Reliable USB comm? - Githubissues

phil-barrett commented 3 years ago

Yes, I am having another wild hair moment...

One of the things that I see a lot of in various CNC forums are people complaining about EMI/Noise. In many cases it comes in on the USB cable. Just today, I was reminded of that while testing my new Pro breakout board. Multiple crashes and alarms until I routed the USB cable away from the stepper motor - and then none after that. What I saw was error messages like "$ not valid" or some such. Signifying that garbage input was probably received.

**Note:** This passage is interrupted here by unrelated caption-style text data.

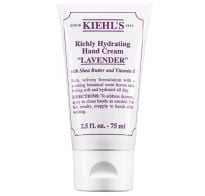 Crema De Manos Kiehl's Nutritiva E Hidratante Lavanda 75 Ml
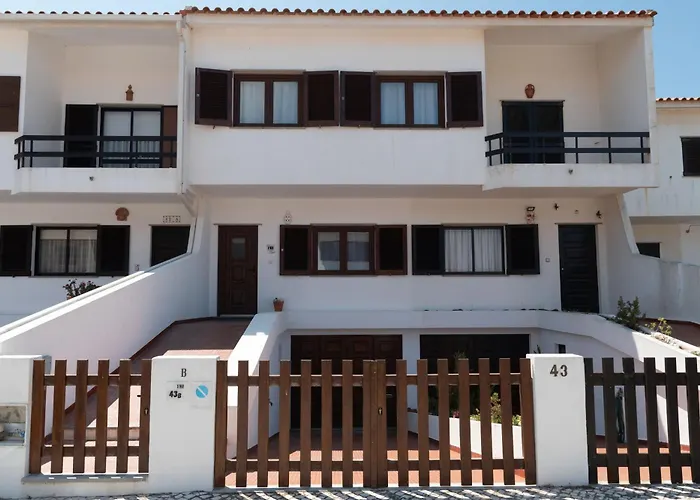 D Wan 9 T3 Baleal Sol Village I * Ferrel (Leiria)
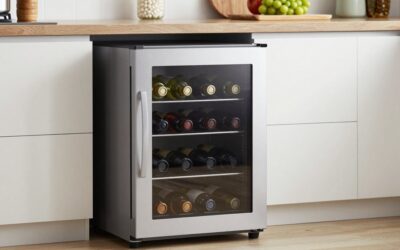 Best Freestanding Wine Coolers in 2026: Compared and Ranked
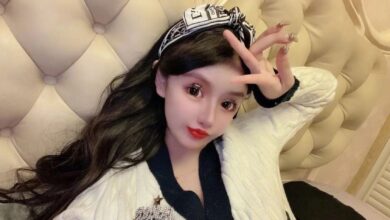 صورة فتاة صينية تنفق 563 ألف دولار على جراحات التجميل لتشبه نجمتها المفضلة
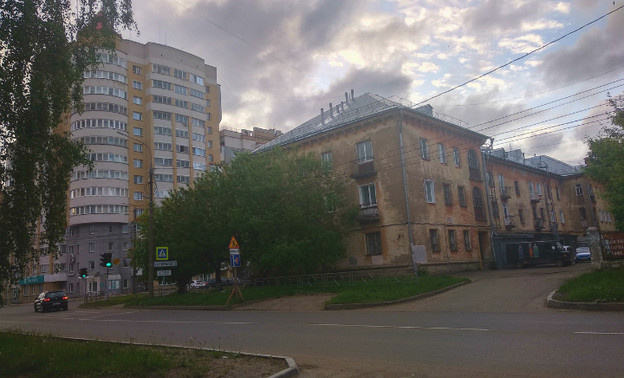 В Кировской области появился справочник управляющих компаний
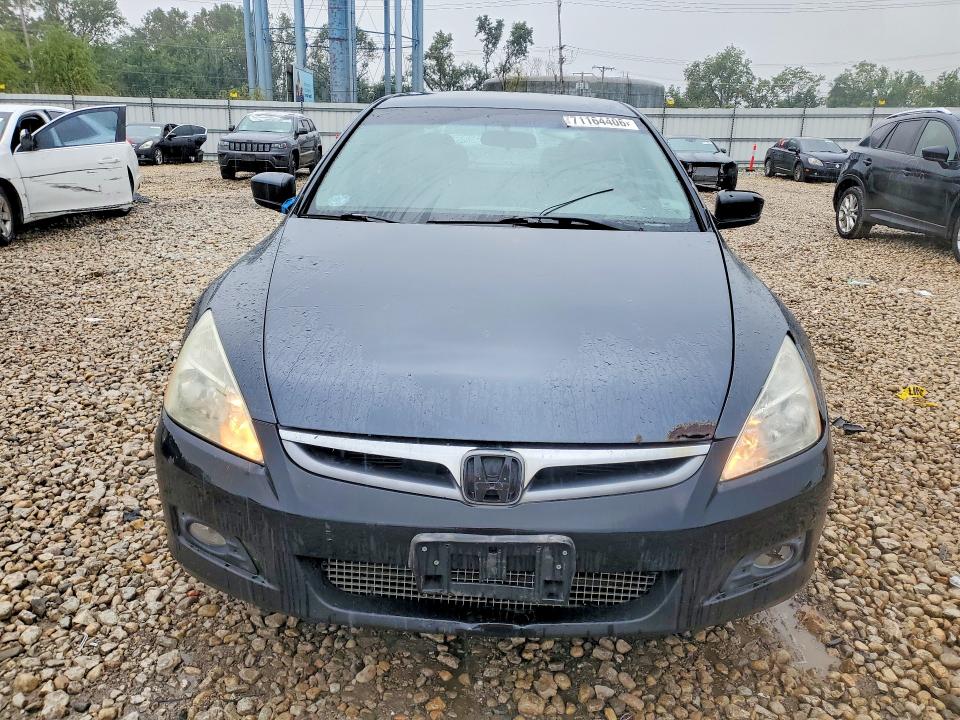 Aukcja sprzedaży 2007 Honda Accord, vin: 1HGCM66427A015409, numer aukcji: 71164406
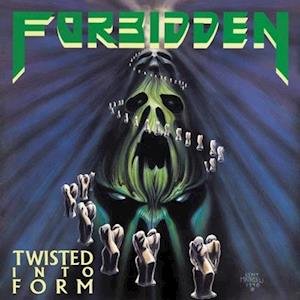 Twisted into Form - Forbidden - Muzyka - POP - 0195081199450 - 2 kwietnia 2021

Perhaps an edge to grblHAL would be a packetized com protocol with error checking and resend capability? There is no substitute to getting machine electronics laid out correctly with proper shielding and such but if a hardened protocol reduced some of the errors, it could be a big selling point for grblHAL. Why go with X or Y when grblHAL has that? Obviously, it would be optional.

I am sure the benefit can be debated.

HuubBuis commented 3 years ago

A trouble free connection is a must for safe CNC operations. WiFi, Bluetooth and USB use protocols that should take care of this. The serial over USB connection, grbl uses, is however is not that robust. Changing it would also need a change at the sender side. I think adding USB support using HID would be easier to implement.

if a hardened protocol reduced some of the errors, it could be a big selling point for grblHAL

I aggree

phil-barrett commented 3 years ago

a change at the sender side

Fortunately we know a couple of them...

terjeio commented 3 years ago

Perhaps an edge to grblHAL would be a packetized com protocol with error checking and resend capability?

SLIP?

I saw a port of grbl recently with checksum added (to every block/line?) Not sure about resend capability - that is a tricky one to implement.

@HuubBuis Bluetooth is reliable in a noisy environment?

phil-barrett commented 3 years ago

Yeah, resend has its issues. A long time ago, I implemented an out of order resend scheme for streaming media (based on UDP). You need to have a sequence number and queue the packets up as they are received. The front end process checks the validity of a packet an enqueues it if valid, tosses it if not. The queue manager checks the queued packet and if there is a missing packet issues a resend request. Make the queue depth tunable (set it deep enough to handle a couple of resends) and delay start of actual operations until the queue exceeds a defined min queue length. Signal error if more than a certain number bad packets are received within a window (that is related to min queue length)

SLIP?

Now that goes back a long way. I dunno, TCP/IP might be over kill here.

HuubBuis commented 3 years ago

@HuubBuis Bluetooth is reliable in a noisy environment?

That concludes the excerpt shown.